▶ REQUIRED WORK: What lines in the records below hold the string "Shirt"? Please show them.

▶ RAW DATA:

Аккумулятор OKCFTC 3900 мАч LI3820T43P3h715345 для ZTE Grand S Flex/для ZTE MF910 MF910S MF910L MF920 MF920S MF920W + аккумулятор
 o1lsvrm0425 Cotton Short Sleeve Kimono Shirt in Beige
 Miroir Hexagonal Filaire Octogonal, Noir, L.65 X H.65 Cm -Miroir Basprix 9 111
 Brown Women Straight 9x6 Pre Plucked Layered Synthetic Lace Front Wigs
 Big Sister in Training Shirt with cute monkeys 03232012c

▶ TASK RESULT:
 o1lsvrm0425 Cotton Short Sleeve Kimono Shirt in Beige
 Big Sister in Training Shirt with cute monkeys 03232012c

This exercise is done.